Yes, we might have messed up our Planet so badly that some parts of it have now become hostile to trees. And despite trees being nearly everywhere, figuring out just how much tree coverage the planet has is a pretty challenging task. The Food and Agriculture Organization defines forest as any area with more than 10 percent tree cover. And the best way to really see just how much tree cover’s out there is using satellite data, which is exactly what the study turned to.
Using the open access software Collect Earth to gather satellite imagery, the researchers pulled 78,774 satellite snapshots of forested area. They looked specifically at protected areas and places with limited human activity to avoid including city parks, farms, and other land uses that might only look like forests. They fed all that data as well as 10 other variables chronicling the climate and soil through a model to estimate current tree cover as well as areas where tree cover could be expanded. The results show an area of the world roughly equivalent to Russia, Canada, the U.S., and Australia—or nearly a third of all land area in the world—is covered in forest.
More than 12 million square miles of land could host more forest according to the study, but given that we need that land for crops and places to live, just 3.5 million square miles of that land is actually suitable for forest cover. As reported by Gizmodo, the research showed that the top four suggested places for reforestation are Russia, the U.S., Canada, and Australia, all developed countries and in the case of the first three, all home to a piece of the vast boreal forest that rings the northern tier of the world. Brazil and China are also on the list and together those six countries contain 50 percent of the area where forests could grow again.

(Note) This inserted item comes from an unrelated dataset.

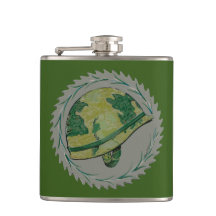 Groene militaire helm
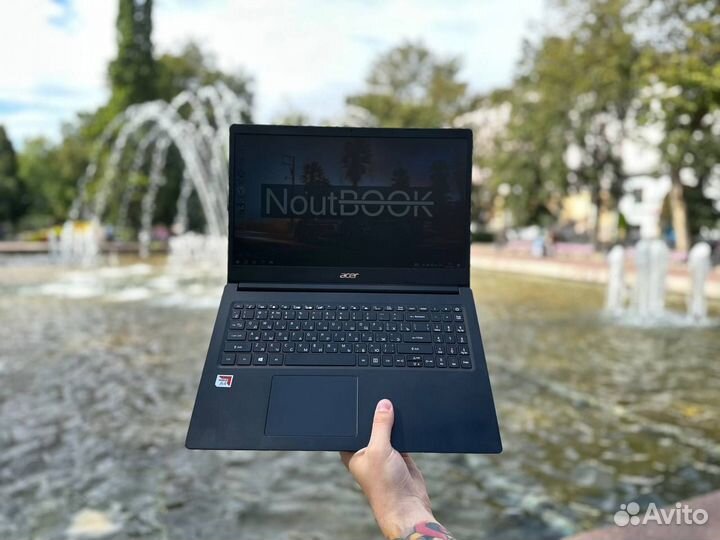 Компактный ноутбук Acer на SSD/6gb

The only caveat to this study remains that, as climate change continues, certain areas such as the Amazon rainforest become warmer and warmer, and therefore less hospitable to trees. But if there’s a silver lining, it’s that we know the solutions. The new study provides yet another incentive to start slashing carbon pollution now instead of later and keep the Earth’s tree carrying capacity on the up and up—and it shows where we could concentrate conservation efforts to max out the climate benefits.